El dolor le atenazó el corazón hasta el punto de que no se atrevió a acercarse. De pie ante la cama, con las manos crispadas sobre los barrotes de hierro pintado, buscó a su alrededor una ayuda, una respuesta alentadora, la seguridad de que lo que estaba viendo no era verdad, y encontró la bella mirada oscura de Lisa, que al verlo entrar se había retirado a una esquina. Y esa mirada estaba llena de lágrimas.

—¿Está…?

—No. Todavía respira.

Entonces se dirigió hacia Lisa, hacia la cálida luz que su cabellera desprendía en aquella habitación de agonía. Durante unos instantes, se quedó plantado delante de ella, inmóvil, hipnotizado por el rostro claro que se alzaba hacia él. Luego, con un gesto que le salió de forma natural porque lo había soñado muchas veces, la estrechó entre sus brazos llorando.
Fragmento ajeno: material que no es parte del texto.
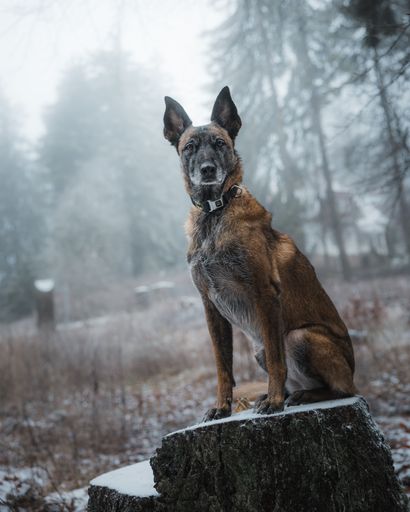 A Belgian Malinois dog sitting on a tree stump in a misty forest, showcasing its alert and attentive posture.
—¡Lisa! —balbució cubriéndole de besos la cabeza, apoyada en su hombro—. Lisa… ¡te quiero tanto!

Permanecieron un momento abrazados, unidos a la vez por la pena y por el deslumbramiento del amor que se atreve por fin a decir su nombre, olvidando casi dónde se encontraban. Pero de pronto se oyó una voz débil, extenuada:

—¡Mira que te ha costado decirlo!

Fueron las últimas palabras de Celina. Sus ojos, entreabiertos, se cerraron de nuevo, y como si sólo hubiera estado esperando ese momento, abandonó la lucha y se adentró en la eternidad.




Dos días más tarde, la larga góndola negra con los leones de bronce y el terciopelo amaranto bordado en oro se deslizaba por la laguna en dirección a la isla San Michele. Zian, completamente vestido de negro, la impulsaba, pero ese día sólo había un pasajero: el ataúd de Celina cubierto por una funda de terciopelo con las armas de los príncipes Morosini y bajo un montón de flores.